Hardware lock manufacturers supply many lock program modules. They will usually have a lock program module for the major languages and the major compiler manufacturers. This means that hardware locks can be used in a variety of applications.
Real hardware locks can work as well and as problem-free as the FAKELOCK demo. In the past six months the firm I work with has delivered over 200 applications with hardware locks installed. None have had problems with the locks. Sometimes the people installing the programs do not understand how to use the locks, but a quick explanation of how to install the lock solves that problem.

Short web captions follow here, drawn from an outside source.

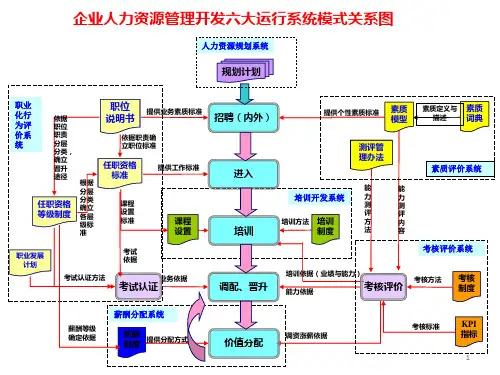 人力资源管控系统架构及流程图ppt课件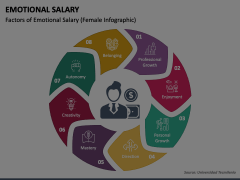 Emotional Salary Animated Presentation - SketchBubble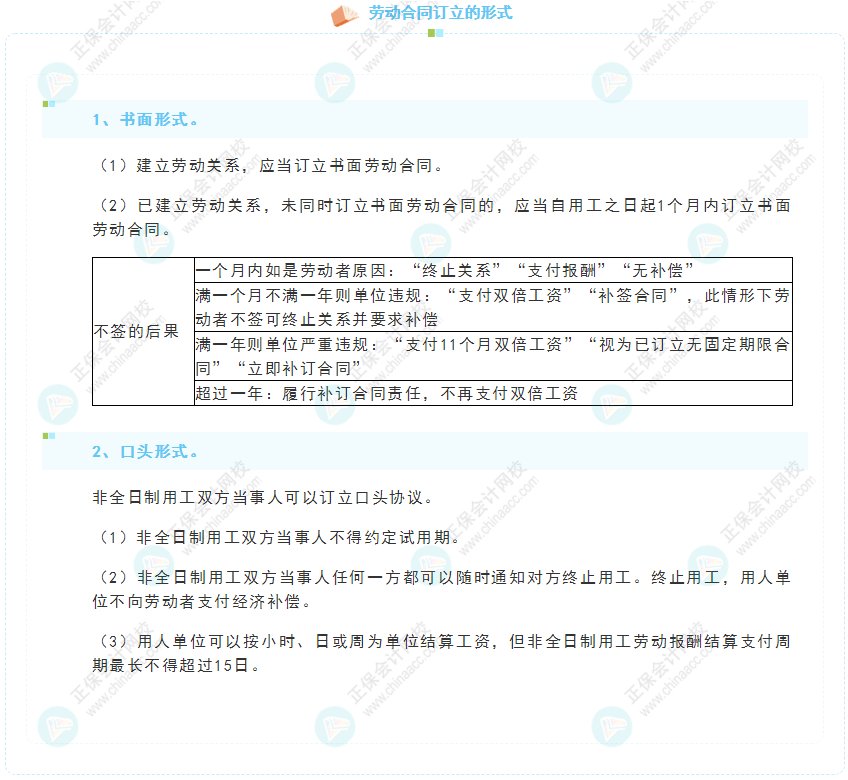 《經(jīng)濟(jì)法基礎(chǔ)》30天重要知識(shí)點(diǎn)打卡！第26天：勞動(dòng)合同訂立的形式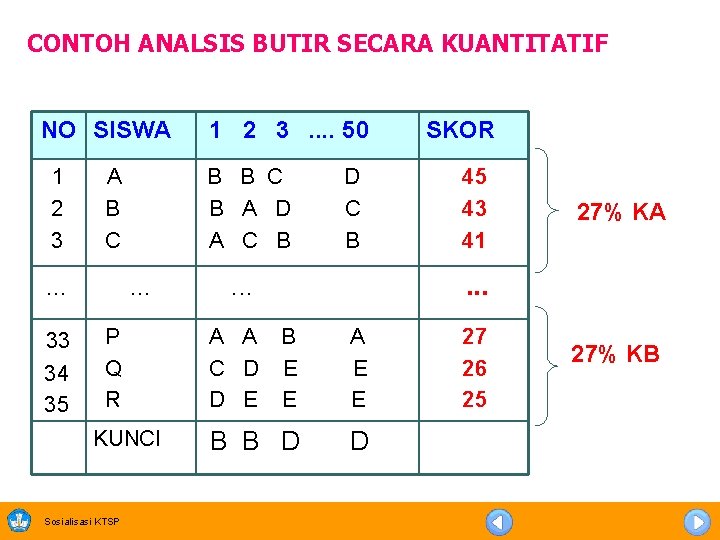 CONTOH ANALSIS BUTIR SECARA KUANTITATIF NO SISWA 1 2 3 A B C .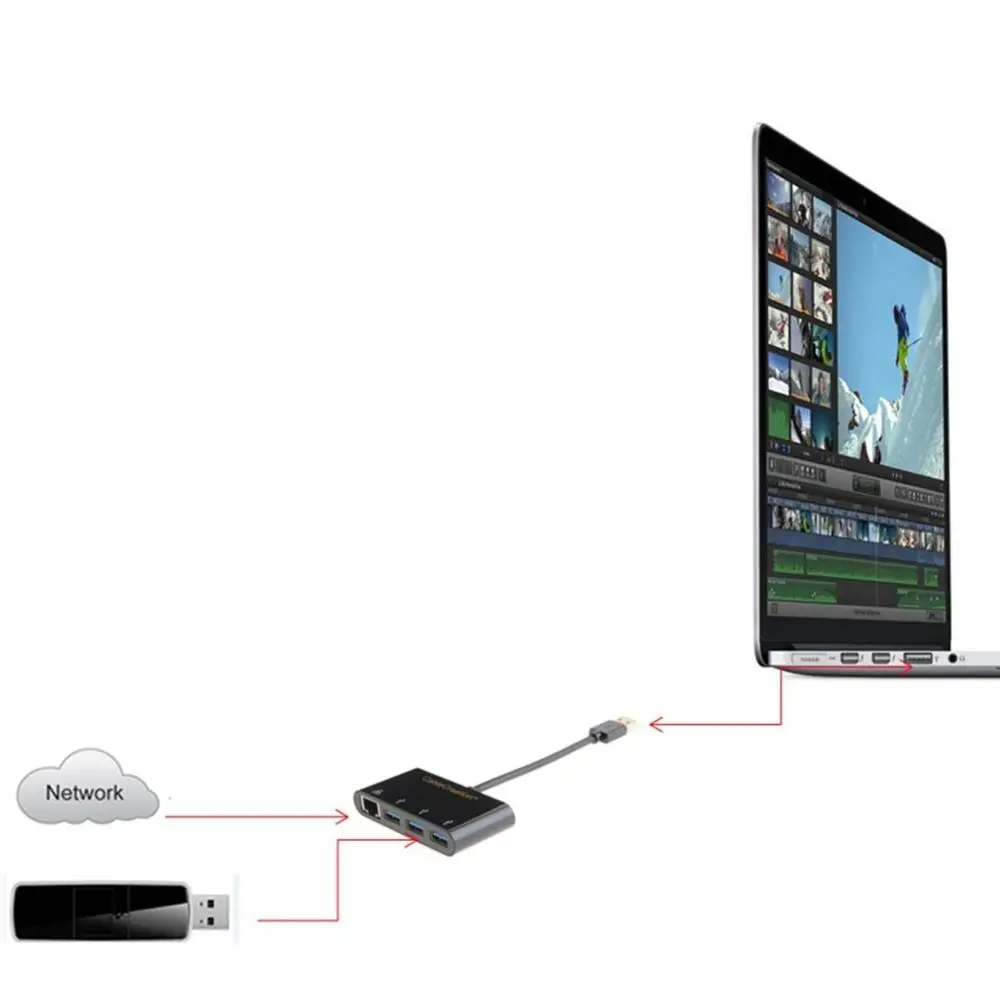 Адаптер USB 3 0 2 в 1 CableCreation + Тип C до x гигабитный Ethernet адаптер поддержка больше ОС|usb-c
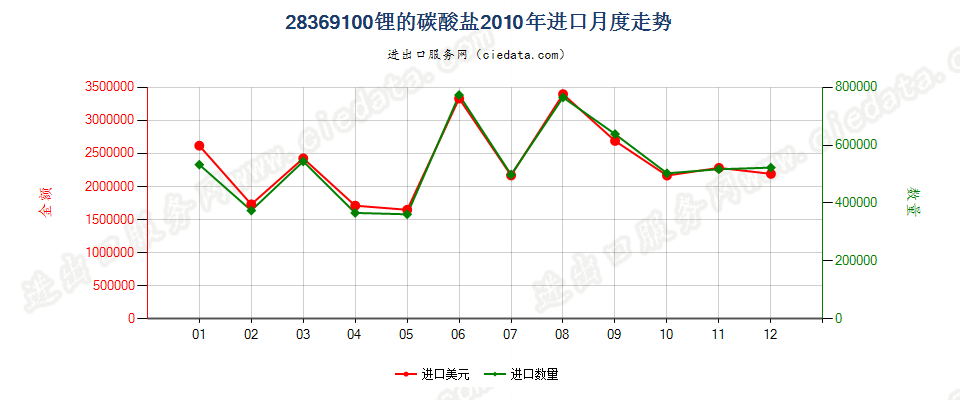 28369100锂的碳酸盐进口2010年月度走势图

Hardware locks are not nirvana for application developers. Though my experiences have been free of computer/printer problems, the literature reports that some locks do interfere with printers at times. Some locks require the attached printer be turned on or the lock will not operate. Hardware locks make preemptive use of certain computers interrupts, which may interfere with background printing. So, background printing will probably not work while a program that uses a hardware lock is running.
The space the locks take behind the computer can be a problem. I work with four different programs and each one uses a different lock. When all four locks are attached to the back of the computer the locks stick out more than eight inches. One lock will usually fit in the average space between the back of a computer and the wall. Four locks will not. You can solve this problem by getting an RS232 cable with all 25 pins wired. Plug the RS232 cable into the computer and put the locks onto the end of the cable.
Cost is another factor limiting the use of hardware locks. Copy-protection techniques use a physical device already sold with every program, the floppy disk. The only expenses are the cost of including the copy-protection software in the application, and sometimes a slightly more expensive disk-duplication process. Hardware locks on the other hand have an expensive, separate device that must be purchased also. When buying them in lots of 100 hardware locks cost about $30 apiece. Obviously, it is not cost effective to put a $30 lock on a $20 program. The only programs that make this cost effective are those that already have a high cost.
Hardware locks are a possible alternative to copy-protection techniques for developers of high cost applications. After some investigation the program developer can make that decision.